Posted on 09/16/2003 4:50:48 AM PDT by PatrioticCowboy
U.S. army says 15 Taliban killed By Saeed Ali Achakzai
SPIN BOLDAK, Afghanistan (Reuters) - At least 15 Taliban fighters have been killed by U.S. and allied warplanes in southern Afghanistan, the U.S. military and an Afghan official say.
The Afghan official said the dead included Mullah Abdur Rahim, a senior Taliban commander who controls the hardline militia's forces in southern Afghanistan, where the Taliban has been most active in carrying out attacks in recent months.
But a former intelligence official from the ousted regime dismissed reports of Rahim's death as propaganda.
The U.S. military, which launched an anti-Taliban campaign called Operation Mountain Viper in late August, said 15 Taliban fighters had been killed by U.S. and allied aircraft in the past 24 hours.
"Coalition ground forces in cooperation with Afghan militia coordinated an engagement of anti-coalition forces in Kandahar province with coalition aircraft operating in support of Operation Mountain Viper," the military added in a statement issued from its headquarters at Bagram air base north of Kabul.
Last week the U.S. military said it had killed up to 124 Taliban fighters since Operation Mountain Viper began, with most of the fighting centred around the Dai Chopan district of Zabul province, which borders Kandahar.
"Fifteen Taliban were killed, including Mullah Abdur Rahim, in Maruf district," Afghan Foreign Ministry official Khalid Khan Achakzai told Reuters, speaking in the town of Spin Boldak in southern Kandahar, near the Pakistan frontier.
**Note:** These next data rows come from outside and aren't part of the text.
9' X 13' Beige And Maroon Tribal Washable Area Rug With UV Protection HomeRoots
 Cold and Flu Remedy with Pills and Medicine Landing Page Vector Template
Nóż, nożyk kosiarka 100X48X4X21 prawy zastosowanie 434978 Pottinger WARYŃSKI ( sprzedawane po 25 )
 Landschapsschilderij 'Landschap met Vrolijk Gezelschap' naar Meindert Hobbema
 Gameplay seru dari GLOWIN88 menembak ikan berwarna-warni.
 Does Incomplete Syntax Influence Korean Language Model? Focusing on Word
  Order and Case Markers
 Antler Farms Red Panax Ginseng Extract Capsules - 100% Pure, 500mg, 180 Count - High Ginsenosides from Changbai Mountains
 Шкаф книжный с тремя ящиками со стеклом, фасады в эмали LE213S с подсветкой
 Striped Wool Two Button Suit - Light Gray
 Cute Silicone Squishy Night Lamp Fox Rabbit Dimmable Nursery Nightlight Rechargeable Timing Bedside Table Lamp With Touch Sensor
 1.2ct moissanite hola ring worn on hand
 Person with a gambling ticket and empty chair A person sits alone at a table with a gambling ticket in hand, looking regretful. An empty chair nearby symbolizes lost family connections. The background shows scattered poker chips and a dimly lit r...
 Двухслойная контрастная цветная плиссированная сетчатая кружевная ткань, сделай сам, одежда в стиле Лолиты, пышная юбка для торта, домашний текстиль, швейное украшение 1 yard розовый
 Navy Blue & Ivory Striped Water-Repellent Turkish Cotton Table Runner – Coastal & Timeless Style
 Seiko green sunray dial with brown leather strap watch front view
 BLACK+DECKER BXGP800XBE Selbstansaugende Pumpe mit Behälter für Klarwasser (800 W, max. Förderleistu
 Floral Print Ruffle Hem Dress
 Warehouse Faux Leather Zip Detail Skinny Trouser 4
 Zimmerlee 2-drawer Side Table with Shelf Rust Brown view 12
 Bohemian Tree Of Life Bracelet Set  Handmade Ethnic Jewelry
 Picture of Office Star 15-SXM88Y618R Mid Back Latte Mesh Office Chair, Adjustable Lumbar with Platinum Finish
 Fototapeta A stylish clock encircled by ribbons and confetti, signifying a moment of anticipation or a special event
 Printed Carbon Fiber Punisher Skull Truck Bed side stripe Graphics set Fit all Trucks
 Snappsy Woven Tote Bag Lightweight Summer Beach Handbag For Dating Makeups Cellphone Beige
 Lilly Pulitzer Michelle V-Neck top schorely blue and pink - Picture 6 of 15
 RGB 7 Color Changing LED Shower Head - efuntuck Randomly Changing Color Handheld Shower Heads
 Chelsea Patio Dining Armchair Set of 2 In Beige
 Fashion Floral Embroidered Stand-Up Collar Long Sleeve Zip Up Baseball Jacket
Mullah Abdul Samad, an intelligence officer in the radical Taliban regime, denied the death of Rahim.
"There have been deaths on both sides but it is wrong that Abdur Rahim has been killed. It is mere propaganda," he said.
Rahim was wounded earlier this year in a clash with Afghan forces in Spin Boldak, and a deputy was appointed to assist him by the fugitive Taliban leader Mullah Omar.
There are about 12,500 troops in the U.S.-led force hunting remnants of the Taliban and the al Qaeda network it sheltered.
Violence has plagued Afghanistan since the fall of the Taliban. In just over a month, more than 200 people have been killed, including Taliban guerrillas, soldiers and police, civilians and aid workers.